Die unheimliche Yacht

Günter Dönges

Butler Josuah Parker hatte sich ausgerüstet, als müsse er an einem kriegerischen Landeunternehmen teilnehmen.

Selbstverständlich war er wie üblich gekleidet: Er trug auf dem Kopf die unvermeidliche Melone in schwarzer Farbe, den schwarzen Covercoat, schwarze Schuhe und natürlich auch die schwarzen Zwirnhandschuhe.

Er trug allerdings noch viel mehr.

Er hatte eine Schwimmweste angelegt, die sich malerisch um seinen Hals schlang. Da sie leider eine graue Farbe aufwies, störte das den Gesamteindruck erheblich. In der linken Hand schleppte der Butler einen riesigen Koffer mit, der, wie konnte es anders sein, natürlich ebenfalls diskret schwarz abgepinselt war.
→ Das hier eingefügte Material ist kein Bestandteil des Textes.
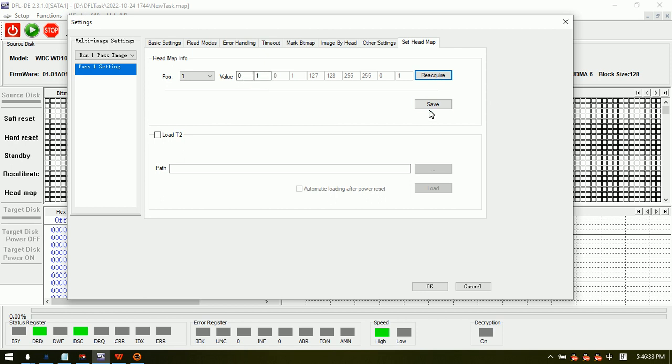This is mostly used for Western Digital hard drives with physical scratches to protect the source heads. The no T2 option is mostly used for Western Digital hard drives with format issues when module 190 cannot be loaded to RAM properly.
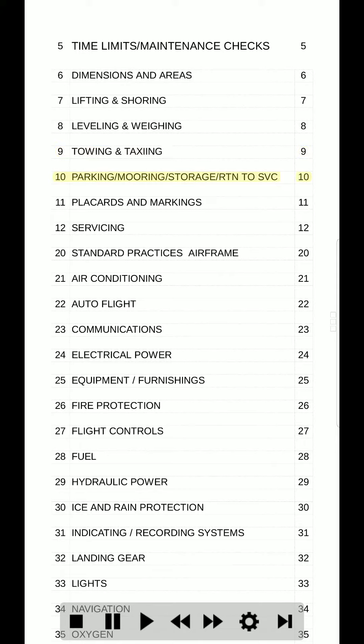10. Parking / mooring / storage / return to service. 10. 11. Placards and markings. 11. 12. Servicing. 12.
In der rechten Hand hielt er ein zusammengerolltes Schlauchboot, das beim Gehen recht hinderlich war.

Unter dem Arm hatte Josuah Parker sich das »Handbuch zur Rettung Schiffbrüchiger« geklemmt, einen beachtlich dicken Band, der sein Gewicht haben mußte. Unter dem linken Arm befand sich, in einer etwas dünneren Ausgabe, eine »Anleitung zur behelfsmäßigen Navigation« sowie ein ausführlicher Leitfaden über das »Erlernen des Schwimmens im Selbsttraining«.

Nicht sichtbar, aber dennoch vorhanden, waren ein »Schnellkurs zum provisorischen Bau von Flößen und Kanus« sowie eine bebilderte Ausgabe über »Umgang mit Haien und deren Artgenossen«. Ganz zu schweigen von handlichen Broschüren, die spezielle Themen vom Leben auf hoher See abhandelten.

Josuah Parker ging nicht zu seinem Privatvergnügen an Bord der »Sulla«, einer beachtlichen Motoryacht, die im Hafen von Cienfuegos an der Südseite Kubas festgemacht hatte. Parker haßte Hafenstädte dieser Art, die nach außen hin romantisch wirkten, in Wirklichkeit aber für seine Begriffe nichts anderes waren als eine Anhäufung von lastender Hitze, Dreck, Gestank, aufdringlichen Tagedieben und Langeweile. Gerade hier in Cienfuegos vermißte er die britische Ordnung, Klarheit und Zielstrebigkeit. Nun, Josuah Parker durfte man diesen Standpunkt nicht sonderlich übelnehmen. Er war Engländer mit Leib und Seele. Er verkörperte darüber hinaus die Tradition des englischen Butlers, wie er heute noch in großen Landsitzen und Schlössern des Hochadels zu finden ist.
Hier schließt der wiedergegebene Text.